*Data for review*:

..........

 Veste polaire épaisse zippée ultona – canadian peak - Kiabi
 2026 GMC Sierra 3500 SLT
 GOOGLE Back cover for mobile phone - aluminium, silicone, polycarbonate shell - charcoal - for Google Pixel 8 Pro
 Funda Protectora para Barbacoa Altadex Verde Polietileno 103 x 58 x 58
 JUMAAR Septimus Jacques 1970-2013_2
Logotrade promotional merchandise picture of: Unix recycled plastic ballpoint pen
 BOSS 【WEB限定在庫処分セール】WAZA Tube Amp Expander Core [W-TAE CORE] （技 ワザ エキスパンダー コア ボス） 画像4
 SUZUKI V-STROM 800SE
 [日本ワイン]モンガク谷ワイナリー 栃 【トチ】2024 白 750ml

..........

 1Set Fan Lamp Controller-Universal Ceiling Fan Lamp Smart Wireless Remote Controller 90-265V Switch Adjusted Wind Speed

..........

*Exercise prompt*:
Using the entries above, give again exactly the lines from the line holding "Veste polaire épaisse" through the line holding "[日本ワイン]モンガク谷ワイナリー 栃 【トチ】2024 白 750ml". Include both end lines and nothing else.

*Response area*:
 Veste polaire épaisse zippée ultona – canadian peak - Kiabi
 2026 GMC Sierra 3500 SLT
 GOOGLE Back cover for mobile phone - aluminium, silicone, polycarbonate shell - charcoal - for Google Pixel 8 Pro
 Funda Protectora para Barbacoa Altadex Verde Polietileno 103 x 58 x 58
 JUMAAR Septimus Jacques 1970-2013_2
Logotrade promotional merchandise picture of: Unix recycled plastic ballpoint pen
 BOSS 【WEB限定在庫処分セール】WAZA Tube Amp Expander Core [W-TAE CORE] （技 ワザ エキスパンダー コア ボス） 画像4
 SUZUKI V-STROM 800SE
 [日本ワイン]モンガク谷ワイナリー 栃 【トチ】2024 白 750ml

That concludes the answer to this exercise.